YOUR OBJECTIVE >>
Your copy of the lines below must match them exactly and contain no images.

AVAILABLE DATA >>
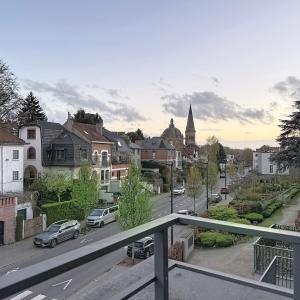 Place Saint-Job : Bel appartement moderne + terrasse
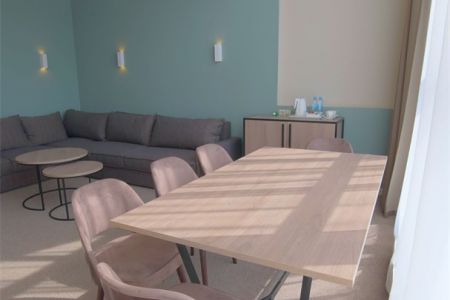 Апартаменты 3-комнатные (№ 1 вид на рощу)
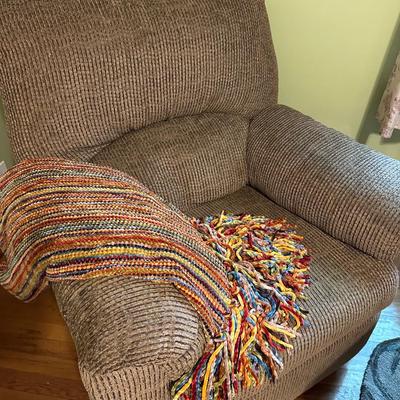 BEIGE RECLINER, THROW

OUTPUT OF THE EXERCISE >>
 Place Saint-Job : Bel appartement moderne + terrasse
 Апартаменты 3-комнатные (№ 1 вид на рощу)
 BEIGE RECLINER, THROW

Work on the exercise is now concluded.